Vancouver-based wine consultant Kurtis Kolt said he’s watched the segment of the wine industry offering smaller bottles and cans “explode” over the last several years, particularly during the COVID-19 pandemic when people were meeting outdoors in parks and beaches and looking for something more portable to take with them.


“You’re not taking a hit on quality, you know? In fact, if someone is only going to be having a glass or two, you’re cracking a can and it’s completely fresh, guaranteed,” he said.

It’s also an advantage for people who want to drink less, he said.

“It’s much less of a commitment to crack open a can or a small bottle or a smaller vessel than it is to open a bottle,” he said.

“Then you have to decide how quickly you’re going to go through it or end up dumping some out if you don’t finish it.”

Last month, the Canadian Centre on Substance Use and Addiction released a report funded by Health Canada saying no amount of alcohol is safe and those who consume up to two standard drinks per week face a low health risk.

That’s a significant change from the centre’s 2011 advice that said having 15 drinks per week for men and 10 drinks per week for women was low risk.

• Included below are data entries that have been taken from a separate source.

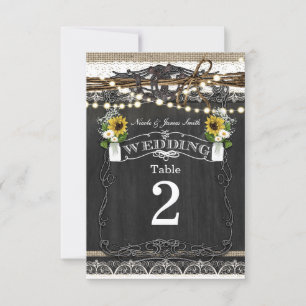 Rustic Horseshoes & Flowers Country Table Numbers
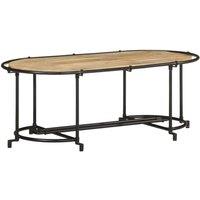 Berkfield Home Coffee Table 110x55x40 cm Solid Wood Rough Mango in Brown | Size: 110 x 55 x 40 cm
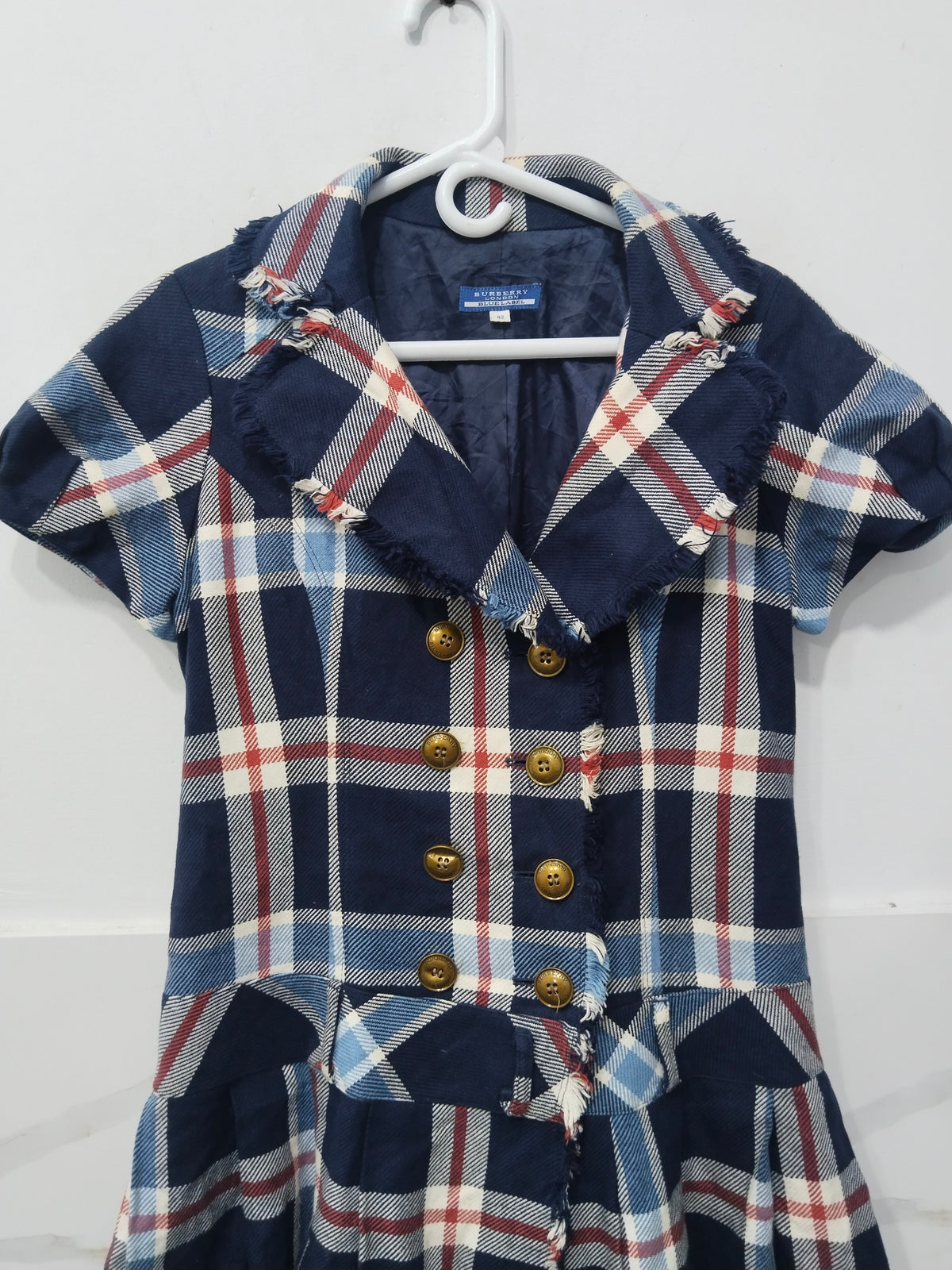 Burberry Blue Label Plaid Short Sleeve Trench Jacket / Double Breasted Top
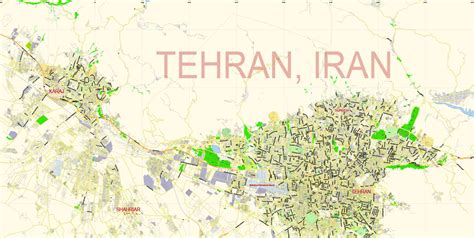 Tehran Iran PDF Map EN Low detailed City Plan editable Adobe PDF Street ...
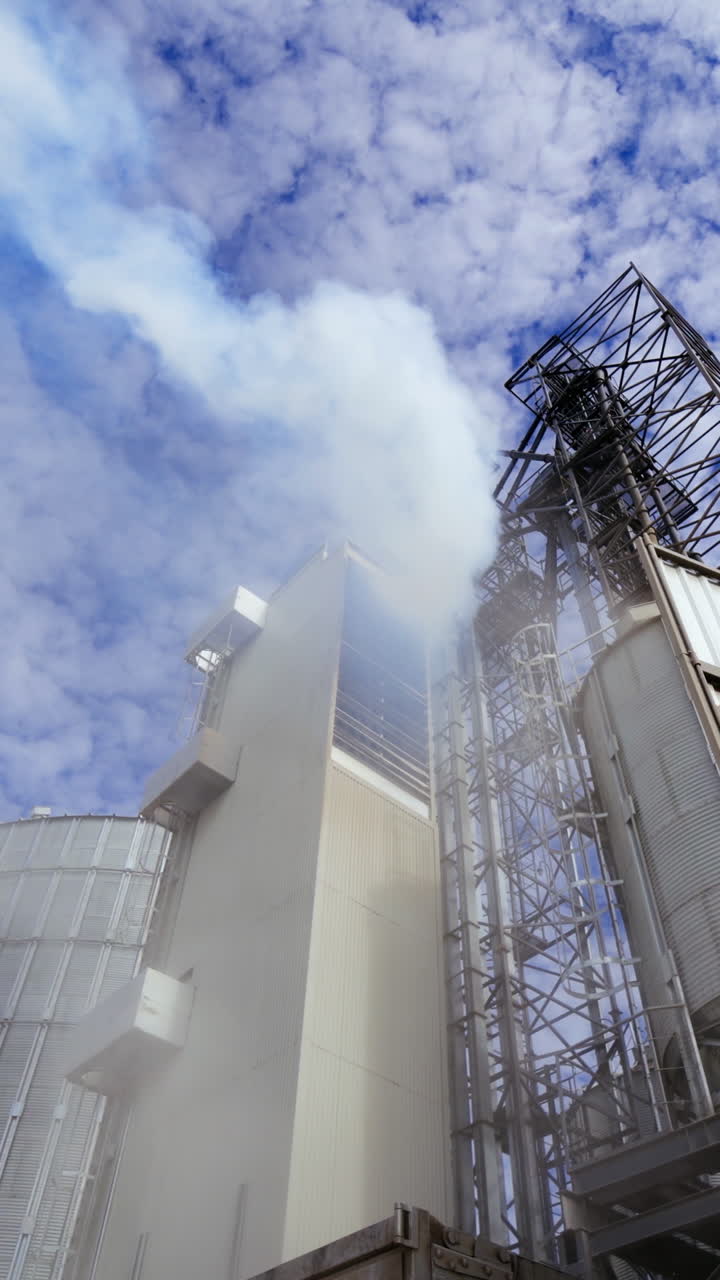 Modern plant with metal elevator for agribusiness. White smoke from industrial grain dryer on sky background. Storage and further processing of grain. View from below. Vertical video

Health Canada has said it is reviewing the report.

Charlie Baessler, the managing partner at Corcelettes Estate Winery in the southern Interior, said his winery’s Santé en Cannette sparkling wine in a can was released in 2020 as a reduced alcohol, reduced sugar, low-calorie option.

“We’ve kind of gone above and beyond to attract a bit of a younger, millennial-type market segment with a fun design concept of the can and sparkling, low alcohol — all these things that have been recently a big item on the news,” he said.

Santé en Cannette is a nine per cent wine and reducing the alcohol was a way to reduce its calories, he said. The can also makes it attractive for events like a picnic or golf, is recyclable, and makes it easier for restaurants that might want to offer sparkling wine by the glass without opening an entire bottle.

At the same time, the lower alcohol content makes it an option for people who might want a glass of wine without feeling the same effect that comes from a higher alcohol content, he said.

“So the health is clearly one incentive, but I think more importantly, so was being able to enjoy a locally made product of B.C. from a boutique winery, dare I say, with a mimosa at 11 o’clock and not ruin your day,” he said.

Baessler said the winery has doubled production since the product was first released to about 30,000 cans a year, which they expect to match this year.

He said there’s naturally a market for the product but he doesn’t expect it to compete with the higher-alcohol wine.

“So this isn’t our Holy Grail. This is something that we do for fun and we’ll never compete, or never distract, from what is our core line of riper, higher-alcohol wine,” he said.

Jeff Guignard, executive director of B.C.’s Alliance of Beverage Licensees, which represents bars, pubs and private liquor stores, said the industry has seen a shift in consumers wanting options that are more convenient.

“It’s not a massive change in consumer behaviour but it is a definitely a noticeable one, which is why you see big companies responding to it,” he said.

Guignard said the latest CCSA report is creating an increased awareness and desire to become educated about responsible consumption choices, which is a good thing, but he adds it’s important for people to look at the relative risk of what they’re doing.

“If you’re eating fast food three meals a day, I don’t think having a beer or not is going to be the single most important determinant of your health,” he said.

“But from a consumer perspective, as consumer preferences change, of course beverage manufacturers respond with different packaging or different products, the same way you’ve seen in the last five years, a large number of low-alcohol or no-alcohol beverages being introduced to the market.”

While he won’t predict how much the market share could grow, Guignard said non-alcoholic beverages and low-alcoholic beverages will continue to be a significant piece of the market.

“I don’t know if it’s reached its peak or if it will grow. I just expect it to be part of the market for now on.”